I just thought, may be I could wrap the DLL call as a C++ library and link it statically into Rust? are there any tutorials for this particular case ? Also, would it make any difference ? :thinking:

Can you try with my Rust translation of your C++ code?

// word: &CStr
SYNTHESIZE_FORMS(
    word.as_ptr(),
    0,
    0,
    buffer.as_mut_ptr(),
    buffer.len().try_into().expect("Overflow"), // 300
)

Amazingly !! This works exactly as my C++ code! That's unbelievable how someone could just.. do it so quickly and have it running from the first go!!

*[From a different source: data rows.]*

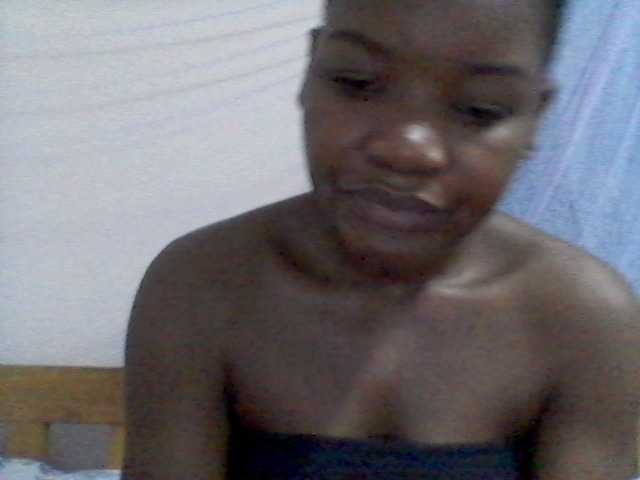 rakisha1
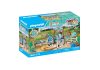 Playmobil 71637 Modern riding arena Playmobil 71637 Modern riding arena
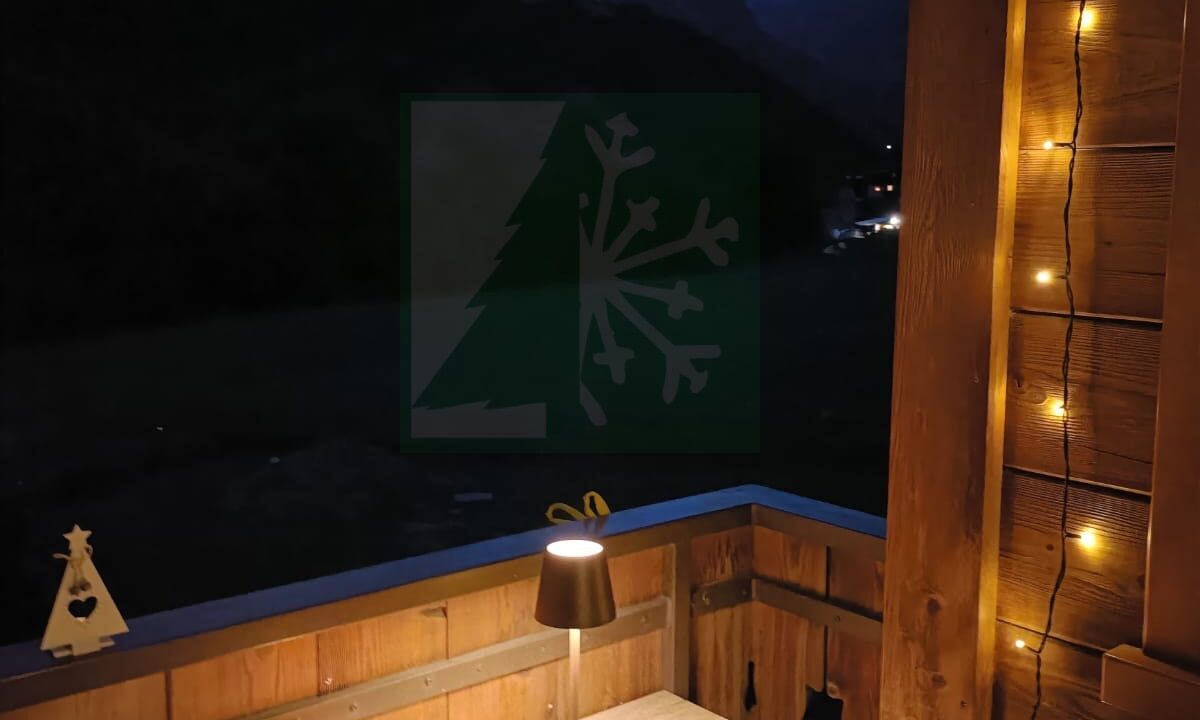 a94958f5-a853-48d2-96ff-8e73e988b6a9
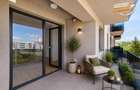 Premiera in Sfantu Gheorghe! Apartament NZEB A+, 2 camere, 69,30 mp - 10
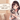 なぎ　羽休め処
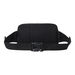 SLING & WAIST BAG_33YY2452, 블랙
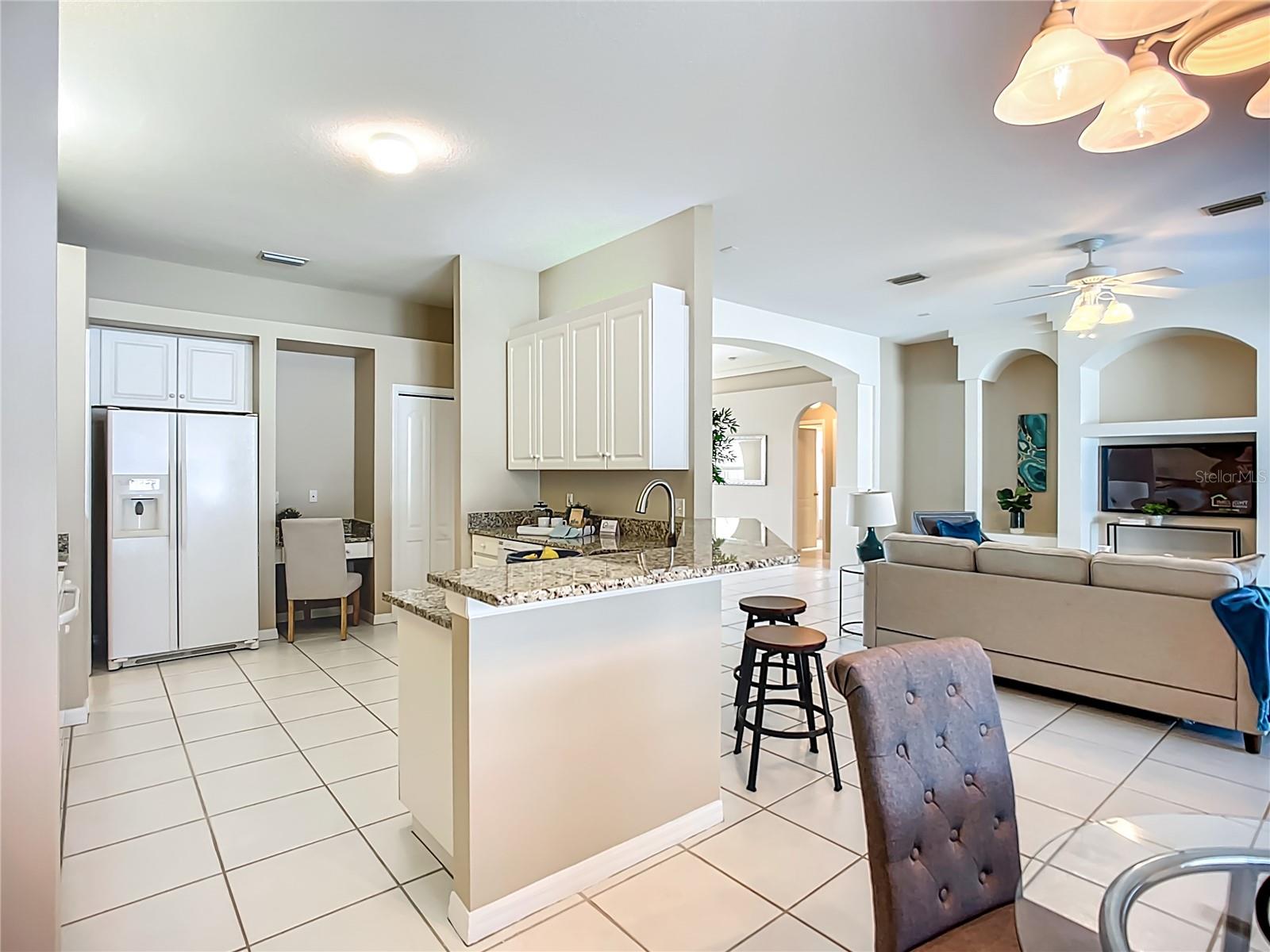 9803 OCASTA ST, RIVERVIEW, FL, 33569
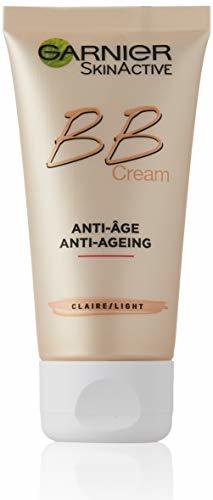Social Garnier SkinActive - BB Cream Anti-edad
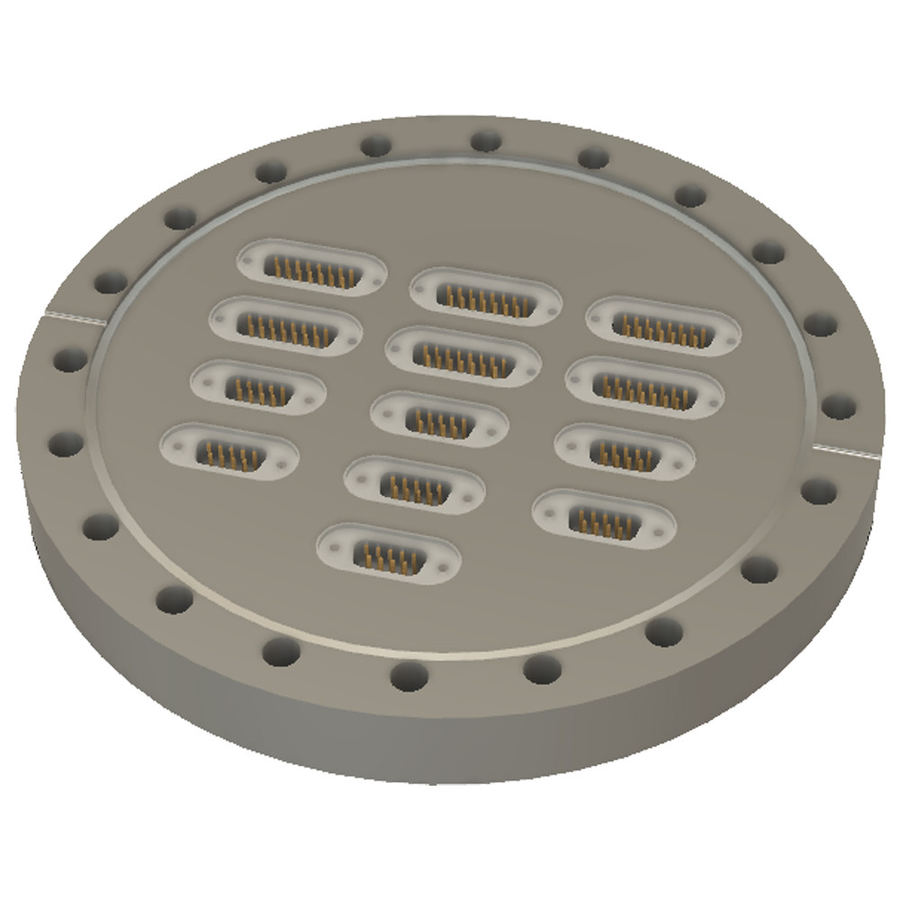 219-D09-7-D15-6-C160.jpg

Man, you're my super-hero!

Now I got to figure out the difference.. it does not quite look like my Rust version, to be honest ))

2 Likes

I've been able to provide a minimal changes to my code, and it seems as though the gist is indeed in the signature and calling (who could have thought ha-ha):

Now it's

type SynthFn<'lib> = dynlib::Symbol<'lib, unsafe extern "stdcall" fn(dt::PChar, dt::Integer, dt::Integer, *mut SynthFormSet, dt::Integer) -> dt::Integer>;
...
    let (buffer, count) = synthesize_encoded(lemma.as_ptr());

...
fn synthesize_encoded(word: *const u8) -> ([SynthFormSet; BUF_SIZE], usize) {
    let mut buffer = [SynthFormSet::default(); BUF_SIZE];

    let count = usize::try_from(unsafe {
        SYNTHESIZE_FN(
            word,
            0,
            0,
            buffer.as_mut_ptr(),
            buffer.len().try_into().expect("Overflow"),
        )
    }).expect("Overflow");
    println!("Options found: {}", count);
    (buffer, count)
}

This is a bit disappointing for me personally as I was pretty damn confident that the stack is identical (as it might possibly be) compared to what Delphi has, when the DLL symbol is called.. :frowning_face:

And also - there's so much Rust to be learned yet.. and it's really fascinating that the community has such members as @Yandros! I wish you find the job you're looking for - you definitely deserve it!!

2 Likes

That's the beauty of Rust once one masters it (which @yandros obviously has and I have not, yet). With Rust the 80% of C/C++ programming errors that arise from null pointer dereference, use after free, thread concurrency issues, etc. simply can't get past the compiler. Programs usually work as soon as rustc accepts the source code. If any application logic errors remain, they typically can be located with debug print statements rather than having to run an object-code debugger.

2 Likes

This is a great statement. The only time I find myself potentially needing to use a debugger is when I'm doing ffi, like C#/rust ffi where I couldn't figure out why writing to an array in rust didn't change it in C#.

This topic was automatically closed 90 days after the last reply. New replies are no longer allowed.